2023年3月11日で東日本大震災から12年になる。

仏教の考え方では干支が1巡したことにちなむ13回忌にあたる。

この13回忌は7回忌とともに区切りとされ、法要は7回忌や13回忌をもって終了することも多い。

その13回忌で東日本大震災がどう語られるか、またこれをさかいに忘れられていくのか、大きな節目かもしれない。

先日、来訪した被災地ではいまだに困難な日常や死者への悲しみや行方不明者への哀れみが日常的に存在しているから、忘れるわけはないのだろう。

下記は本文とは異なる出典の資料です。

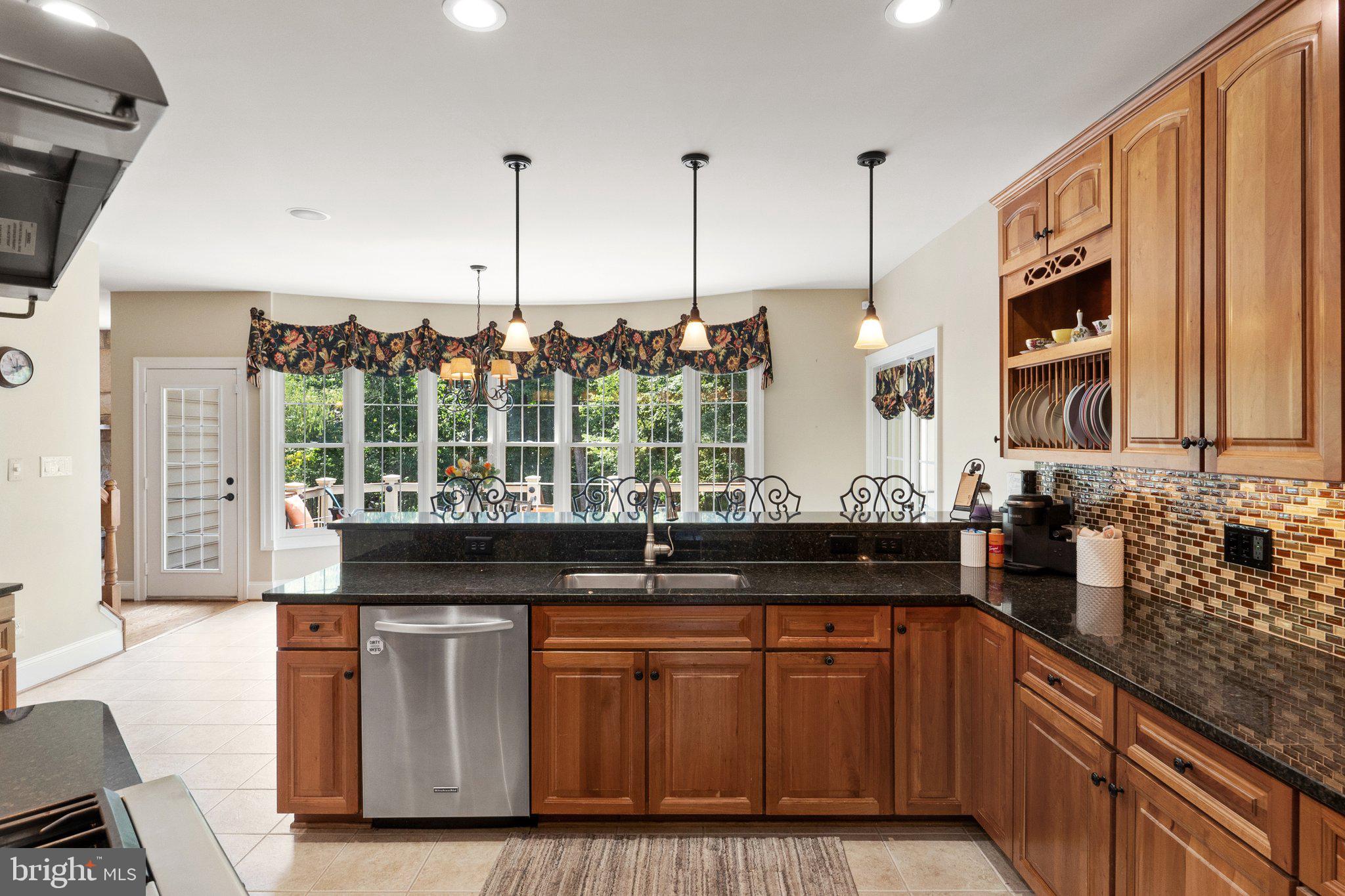 PIEDMONT - Residential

被災地とそのほかの土地とのギャップは必然であろうが、それは大きくなるばかり。

先日、「忘れてはならない」地域の思いを形にした2つの施設、宮城県気仙沼市の「気仙沼市東日本大震災遺構・伝承館」と宮城県南三陸町の「南三陸町東日本大震災伝承館・南三陸311メモリアル」を訪れ、距離を超えて震災の教訓を共有し、そこから得た叡智を形にする難しさを考えさせられた。

やはり距離を埋めるのは「対話」しかない、のだと。

気仙沼市東日本大震災遺構・伝承館は2019年3月にオープンしたもので、気仙沼市の海岸に近い気仙沼向洋高校の校舎を被災したそのままの姿を残して展示している。

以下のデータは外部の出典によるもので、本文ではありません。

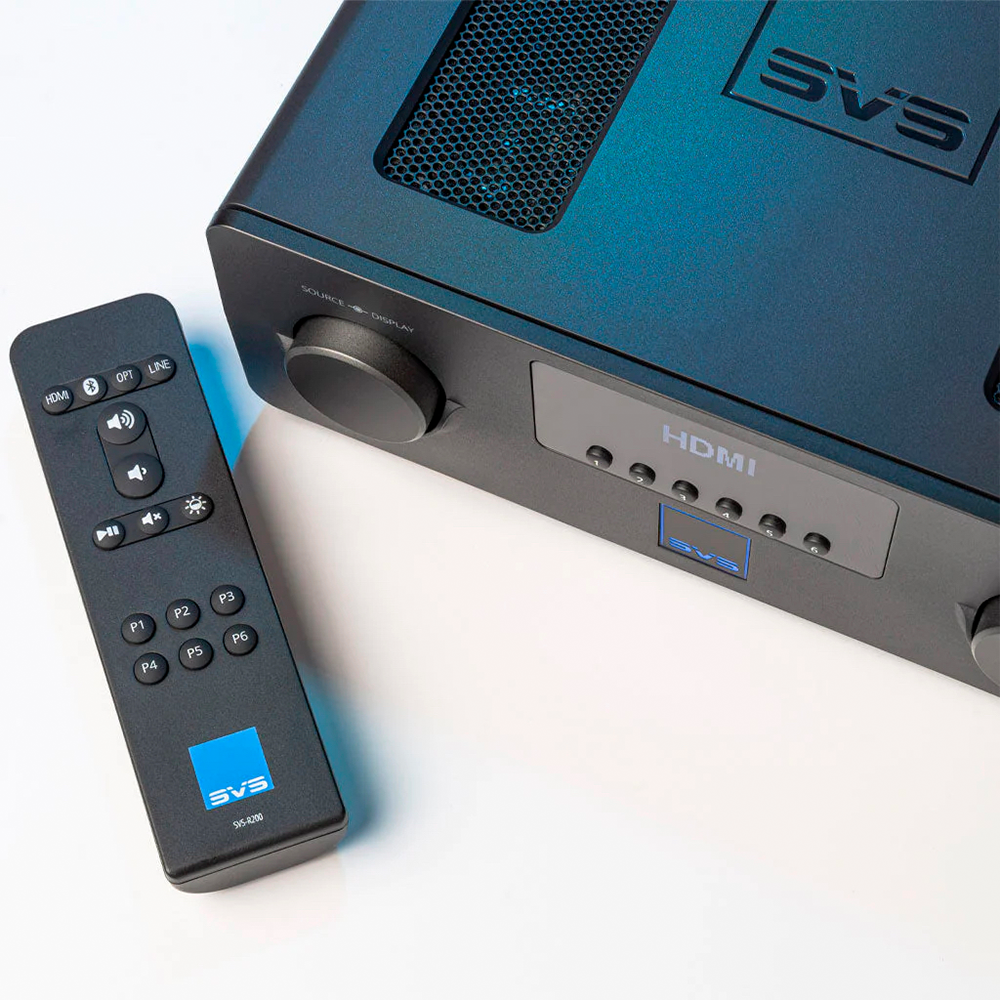 Prime Wireless Pro Soundbase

来訪者はその生々しい展示を見る前にシアターで3月11日当日の津波が気仙沼を破壊する様子を生々しい映像で視聴する手順となっている。

市民が撮影した動画の迫力は今も衝撃的だ。

私は震災発生後のテレビニュースを見て、すぐに現地に向かおうと考えたと同時にメディアからの映像の衝撃を避け、離れたため、あまり目にしていないし、これまでも避けてきたように思う。

それが、伝承館では否応なしに見せられてしまった。

その映像の衝撃のまま、遺構と化した校舎をめぐる。

廊下、階段、校長室、教室―。

誰もが親しんだ学校は、答案用紙も何かで表彰されたトロフィーも、パソコンも、あの日のままで動かない。

当たり前の日常が破壊される悲劇を感じることは、やはり「忘れないこと」になる。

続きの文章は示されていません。